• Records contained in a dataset
•••••
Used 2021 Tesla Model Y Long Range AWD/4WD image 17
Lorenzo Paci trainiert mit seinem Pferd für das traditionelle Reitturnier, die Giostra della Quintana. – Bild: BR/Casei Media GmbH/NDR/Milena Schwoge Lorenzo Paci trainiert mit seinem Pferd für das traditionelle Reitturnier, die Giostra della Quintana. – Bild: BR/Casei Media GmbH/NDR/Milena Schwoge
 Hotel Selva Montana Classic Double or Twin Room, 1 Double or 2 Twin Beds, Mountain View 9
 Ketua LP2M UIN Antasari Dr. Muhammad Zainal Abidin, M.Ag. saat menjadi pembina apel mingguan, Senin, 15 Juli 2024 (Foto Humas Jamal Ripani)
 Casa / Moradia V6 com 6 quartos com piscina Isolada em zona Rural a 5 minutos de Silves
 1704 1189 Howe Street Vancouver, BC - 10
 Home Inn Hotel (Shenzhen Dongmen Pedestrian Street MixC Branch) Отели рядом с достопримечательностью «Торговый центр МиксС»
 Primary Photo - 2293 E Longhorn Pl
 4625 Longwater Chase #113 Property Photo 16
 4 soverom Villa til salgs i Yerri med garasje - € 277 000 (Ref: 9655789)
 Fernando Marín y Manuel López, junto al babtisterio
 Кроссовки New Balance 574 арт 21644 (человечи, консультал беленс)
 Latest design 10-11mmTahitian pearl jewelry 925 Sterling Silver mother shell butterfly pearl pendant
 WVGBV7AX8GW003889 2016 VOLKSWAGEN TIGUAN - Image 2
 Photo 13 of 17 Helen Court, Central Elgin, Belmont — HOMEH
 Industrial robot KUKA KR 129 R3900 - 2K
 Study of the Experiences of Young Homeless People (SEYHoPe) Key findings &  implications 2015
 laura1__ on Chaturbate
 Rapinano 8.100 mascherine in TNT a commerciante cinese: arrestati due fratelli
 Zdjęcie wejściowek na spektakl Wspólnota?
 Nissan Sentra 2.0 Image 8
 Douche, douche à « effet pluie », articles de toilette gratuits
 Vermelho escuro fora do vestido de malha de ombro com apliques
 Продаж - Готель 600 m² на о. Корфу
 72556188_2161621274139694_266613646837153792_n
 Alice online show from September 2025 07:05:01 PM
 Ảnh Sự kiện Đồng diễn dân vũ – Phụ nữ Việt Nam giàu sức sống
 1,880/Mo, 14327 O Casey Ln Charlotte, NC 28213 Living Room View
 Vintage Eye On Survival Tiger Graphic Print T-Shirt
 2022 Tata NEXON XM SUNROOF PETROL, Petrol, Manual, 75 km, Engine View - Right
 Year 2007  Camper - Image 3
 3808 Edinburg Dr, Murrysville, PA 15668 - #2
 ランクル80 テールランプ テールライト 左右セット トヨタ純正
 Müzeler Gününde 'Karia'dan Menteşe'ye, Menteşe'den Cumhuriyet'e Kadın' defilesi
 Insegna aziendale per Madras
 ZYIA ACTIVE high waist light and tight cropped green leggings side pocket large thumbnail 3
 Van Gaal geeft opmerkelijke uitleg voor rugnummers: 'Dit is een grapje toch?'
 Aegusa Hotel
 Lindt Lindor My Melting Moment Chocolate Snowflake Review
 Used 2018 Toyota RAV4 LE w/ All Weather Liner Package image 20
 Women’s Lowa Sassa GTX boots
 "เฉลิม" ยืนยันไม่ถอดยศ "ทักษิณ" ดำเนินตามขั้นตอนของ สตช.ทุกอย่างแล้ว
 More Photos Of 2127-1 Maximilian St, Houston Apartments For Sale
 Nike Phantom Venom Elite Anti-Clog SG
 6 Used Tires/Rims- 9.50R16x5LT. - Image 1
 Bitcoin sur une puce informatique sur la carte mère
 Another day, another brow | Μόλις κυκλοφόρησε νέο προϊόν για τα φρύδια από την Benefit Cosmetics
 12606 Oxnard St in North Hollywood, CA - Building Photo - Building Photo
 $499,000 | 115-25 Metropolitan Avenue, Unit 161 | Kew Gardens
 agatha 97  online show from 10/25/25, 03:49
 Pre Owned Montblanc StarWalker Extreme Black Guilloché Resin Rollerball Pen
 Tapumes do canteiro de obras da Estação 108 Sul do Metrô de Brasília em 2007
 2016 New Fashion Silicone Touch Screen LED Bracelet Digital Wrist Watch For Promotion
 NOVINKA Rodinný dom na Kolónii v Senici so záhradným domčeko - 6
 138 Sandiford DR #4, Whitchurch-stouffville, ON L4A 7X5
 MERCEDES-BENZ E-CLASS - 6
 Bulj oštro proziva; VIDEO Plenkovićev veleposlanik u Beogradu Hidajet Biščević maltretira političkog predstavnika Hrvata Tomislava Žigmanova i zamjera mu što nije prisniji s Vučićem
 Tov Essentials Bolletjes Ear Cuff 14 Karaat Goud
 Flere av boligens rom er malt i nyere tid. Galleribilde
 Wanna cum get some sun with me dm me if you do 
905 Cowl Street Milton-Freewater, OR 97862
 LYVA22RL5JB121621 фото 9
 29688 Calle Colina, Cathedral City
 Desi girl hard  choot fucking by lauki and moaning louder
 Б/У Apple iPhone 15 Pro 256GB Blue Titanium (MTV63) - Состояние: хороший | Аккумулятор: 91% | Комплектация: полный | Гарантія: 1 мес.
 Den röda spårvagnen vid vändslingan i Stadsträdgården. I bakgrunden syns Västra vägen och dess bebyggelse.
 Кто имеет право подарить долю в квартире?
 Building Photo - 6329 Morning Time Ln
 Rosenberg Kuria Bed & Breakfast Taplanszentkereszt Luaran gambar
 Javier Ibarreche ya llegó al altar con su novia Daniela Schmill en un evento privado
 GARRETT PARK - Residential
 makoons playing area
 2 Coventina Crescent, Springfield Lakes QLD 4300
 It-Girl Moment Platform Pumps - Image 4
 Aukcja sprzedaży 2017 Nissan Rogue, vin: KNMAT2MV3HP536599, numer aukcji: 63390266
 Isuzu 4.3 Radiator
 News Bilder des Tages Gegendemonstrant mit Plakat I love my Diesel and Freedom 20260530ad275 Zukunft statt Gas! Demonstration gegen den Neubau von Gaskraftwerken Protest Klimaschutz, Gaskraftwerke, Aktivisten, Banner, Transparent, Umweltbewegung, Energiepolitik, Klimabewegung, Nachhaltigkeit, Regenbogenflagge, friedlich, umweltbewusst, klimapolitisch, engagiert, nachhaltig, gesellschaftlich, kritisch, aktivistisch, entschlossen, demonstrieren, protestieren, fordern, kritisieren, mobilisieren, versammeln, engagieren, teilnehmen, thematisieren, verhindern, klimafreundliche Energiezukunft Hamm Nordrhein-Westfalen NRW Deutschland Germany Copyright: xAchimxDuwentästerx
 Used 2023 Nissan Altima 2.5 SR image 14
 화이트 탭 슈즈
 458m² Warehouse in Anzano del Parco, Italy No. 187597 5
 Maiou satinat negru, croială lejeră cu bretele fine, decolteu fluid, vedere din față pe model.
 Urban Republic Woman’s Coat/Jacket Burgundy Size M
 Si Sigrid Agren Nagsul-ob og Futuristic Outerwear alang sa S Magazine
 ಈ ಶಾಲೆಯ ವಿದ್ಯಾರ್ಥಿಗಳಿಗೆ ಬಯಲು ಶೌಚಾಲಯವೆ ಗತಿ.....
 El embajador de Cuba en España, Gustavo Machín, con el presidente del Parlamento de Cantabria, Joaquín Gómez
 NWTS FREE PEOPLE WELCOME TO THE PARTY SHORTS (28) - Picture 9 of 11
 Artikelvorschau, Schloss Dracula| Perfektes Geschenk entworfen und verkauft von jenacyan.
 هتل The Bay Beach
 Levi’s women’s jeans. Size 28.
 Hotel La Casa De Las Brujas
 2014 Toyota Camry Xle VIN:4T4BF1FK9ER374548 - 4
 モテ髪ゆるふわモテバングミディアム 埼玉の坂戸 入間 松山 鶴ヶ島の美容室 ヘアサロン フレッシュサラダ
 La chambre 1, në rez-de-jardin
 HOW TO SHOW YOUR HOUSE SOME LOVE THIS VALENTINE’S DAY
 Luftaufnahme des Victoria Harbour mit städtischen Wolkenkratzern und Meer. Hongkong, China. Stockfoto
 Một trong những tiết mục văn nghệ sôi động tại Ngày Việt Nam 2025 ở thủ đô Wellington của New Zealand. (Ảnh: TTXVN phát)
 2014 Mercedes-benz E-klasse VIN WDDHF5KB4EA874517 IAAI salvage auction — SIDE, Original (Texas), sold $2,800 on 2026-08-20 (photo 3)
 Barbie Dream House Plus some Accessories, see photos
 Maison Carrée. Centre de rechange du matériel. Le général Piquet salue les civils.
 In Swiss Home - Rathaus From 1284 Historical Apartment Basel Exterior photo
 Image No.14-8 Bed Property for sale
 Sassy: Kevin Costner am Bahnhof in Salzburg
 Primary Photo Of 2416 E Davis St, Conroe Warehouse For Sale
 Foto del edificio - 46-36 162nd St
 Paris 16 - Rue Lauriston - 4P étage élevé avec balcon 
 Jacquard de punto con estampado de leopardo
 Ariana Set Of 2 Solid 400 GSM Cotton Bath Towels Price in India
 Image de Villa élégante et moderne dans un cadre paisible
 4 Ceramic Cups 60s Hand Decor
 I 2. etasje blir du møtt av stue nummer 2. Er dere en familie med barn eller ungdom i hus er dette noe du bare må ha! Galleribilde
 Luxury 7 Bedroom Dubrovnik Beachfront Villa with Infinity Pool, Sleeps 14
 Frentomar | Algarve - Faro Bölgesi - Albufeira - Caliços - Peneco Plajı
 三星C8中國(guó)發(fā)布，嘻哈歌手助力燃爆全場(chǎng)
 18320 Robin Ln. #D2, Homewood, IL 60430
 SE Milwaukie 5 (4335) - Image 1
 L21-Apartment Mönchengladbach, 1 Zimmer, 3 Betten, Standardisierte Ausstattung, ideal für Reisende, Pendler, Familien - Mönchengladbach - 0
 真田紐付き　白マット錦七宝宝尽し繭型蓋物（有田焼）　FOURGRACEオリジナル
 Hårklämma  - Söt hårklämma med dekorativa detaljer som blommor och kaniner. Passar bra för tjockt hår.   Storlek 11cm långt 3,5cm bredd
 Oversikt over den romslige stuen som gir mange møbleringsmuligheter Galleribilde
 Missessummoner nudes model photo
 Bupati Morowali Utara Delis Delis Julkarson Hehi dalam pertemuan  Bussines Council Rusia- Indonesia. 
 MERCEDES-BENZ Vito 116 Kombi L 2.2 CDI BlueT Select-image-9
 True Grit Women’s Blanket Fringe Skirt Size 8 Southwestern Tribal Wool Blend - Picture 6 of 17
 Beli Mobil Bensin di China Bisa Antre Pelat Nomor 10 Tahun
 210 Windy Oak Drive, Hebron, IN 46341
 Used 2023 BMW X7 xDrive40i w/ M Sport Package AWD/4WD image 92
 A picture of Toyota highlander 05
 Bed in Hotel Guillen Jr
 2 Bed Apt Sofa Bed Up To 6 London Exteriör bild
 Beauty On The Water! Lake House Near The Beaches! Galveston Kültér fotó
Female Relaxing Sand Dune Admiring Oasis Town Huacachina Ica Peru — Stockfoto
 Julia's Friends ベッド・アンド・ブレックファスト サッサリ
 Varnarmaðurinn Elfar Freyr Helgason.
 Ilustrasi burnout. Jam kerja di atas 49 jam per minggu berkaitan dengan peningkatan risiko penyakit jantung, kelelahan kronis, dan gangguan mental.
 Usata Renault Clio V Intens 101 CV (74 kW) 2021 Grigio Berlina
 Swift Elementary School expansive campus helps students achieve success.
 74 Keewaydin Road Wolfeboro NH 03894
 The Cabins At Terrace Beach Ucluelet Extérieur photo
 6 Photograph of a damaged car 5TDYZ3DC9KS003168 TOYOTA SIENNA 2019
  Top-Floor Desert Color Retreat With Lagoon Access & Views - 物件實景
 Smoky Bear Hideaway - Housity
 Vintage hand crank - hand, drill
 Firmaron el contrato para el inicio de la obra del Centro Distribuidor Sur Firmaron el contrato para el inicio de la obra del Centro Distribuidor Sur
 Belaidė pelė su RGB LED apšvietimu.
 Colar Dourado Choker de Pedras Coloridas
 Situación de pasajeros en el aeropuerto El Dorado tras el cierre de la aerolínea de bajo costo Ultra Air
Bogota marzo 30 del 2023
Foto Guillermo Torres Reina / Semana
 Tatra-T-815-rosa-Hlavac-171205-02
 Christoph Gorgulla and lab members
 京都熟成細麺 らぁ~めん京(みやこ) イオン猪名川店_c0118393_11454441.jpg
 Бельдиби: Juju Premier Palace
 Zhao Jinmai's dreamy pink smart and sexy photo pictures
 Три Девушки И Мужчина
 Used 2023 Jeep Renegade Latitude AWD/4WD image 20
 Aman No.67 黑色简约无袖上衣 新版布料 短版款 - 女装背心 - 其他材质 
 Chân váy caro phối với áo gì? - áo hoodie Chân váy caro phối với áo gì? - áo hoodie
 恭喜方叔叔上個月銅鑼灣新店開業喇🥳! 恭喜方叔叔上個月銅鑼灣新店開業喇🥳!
•••••
• Task directions
Copy, exactly and only, the lines above that begin with the one containing "Home Inn Hotel" and finish with the one containing "Bitcoin sur une".

• Exercise response
 Home Inn Hotel (Shenzhen Dongmen Pedestrian Street MixC Branch) Отели рядом с достопримечательностью «Торговый центр МиксС»
 Primary Photo - 2293 E Longhorn Pl
 4625 Longwater Chase #113 Property Photo 16
 4 soverom Villa til salgs i Yerri med garasje - € 277 000 (Ref: 9655789)
 Fernando Marín y Manuel López, junto al babtisterio
 Кроссовки New Balance 574 арт 21644 (человечи, консультал беленс)
 Latest design 10-11mmTahitian pearl jewelry 925 Sterling Silver mother shell butterfly pearl pendant
 WVGBV7AX8GW003889 2016 VOLKSWAGEN TIGUAN - Image 2
 Photo 13 of 17 Helen Court, Central Elgin, Belmont — HOMEH
 Industrial robot KUKA KR 129 R3900 - 2K
 Study of the Experiences of Young Homeless People (SEYHoPe) Key findings &  implications 2015
 laura1__ on Chaturbate
 Rapinano 8.100 mascherine in TNT a commerciante cinese: arrestati due fratelli
 Zdjęcie wejściowek na spektakl Wspólnota?
 Nissan Sentra 2.0 Image 8
 Douche, douche à « effet pluie », articles de toilette gratuits
 Vermelho escuro fora do vestido de malha de ombro com apliques
 Продаж - Готель 600 m² на о. Корфу
 72556188_2161621274139694_266613646837153792_n
 Alice online show from September 2025 07:05:01 PM
 Ảnh Sự kiện Đồng diễn dân vũ – Phụ nữ Việt Nam giàu sức sống
 1,880/Mo, 14327 O Casey Ln Charlotte, NC 28213 Living Room View
 Vintage Eye On Survival Tiger Graphic Print T-Shirt
 2022 Tata NEXON XM SUNROOF PETROL, Petrol, Manual, 75 km, Engine View - Right
 Year 2007  Camper - Image 3
 3808 Edinburg Dr, Murrysville, PA 15668 - #2
 ランクル80 テールランプ テールライト 左右セット トヨタ純正
 Müzeler Gününde 'Karia'dan Menteşe'ye, Menteşe'den Cumhuriyet'e Kadın' defilesi
 Insegna aziendale per Madras
 ZYIA ACTIVE high waist light and tight cropped green leggings side pocket large thumbnail 3
 Van Gaal geeft opmerkelijke uitleg voor rugnummers: 'Dit is een grapje toch?'
 Aegusa Hotel
 Lindt Lindor My Melting Moment Chocolate Snowflake Review
 Used 2018 Toyota RAV4 LE w/ All Weather Liner Package image 20
 Women’s Lowa Sassa GTX boots
 "เฉลิม" ยืนยันไม่ถอดยศ "ทักษิณ" ดำเนินตามขั้นตอนของ สตช.ทุกอย่างแล้ว
 More Photos Of 2127-1 Maximilian St, Houston Apartments For Sale
 Nike Phantom Venom Elite Anti-Clog SG
 6 Used Tires/Rims- 9.50R16x5LT. - Image 1
 Bitcoin sur une puce informatique sur la carte mère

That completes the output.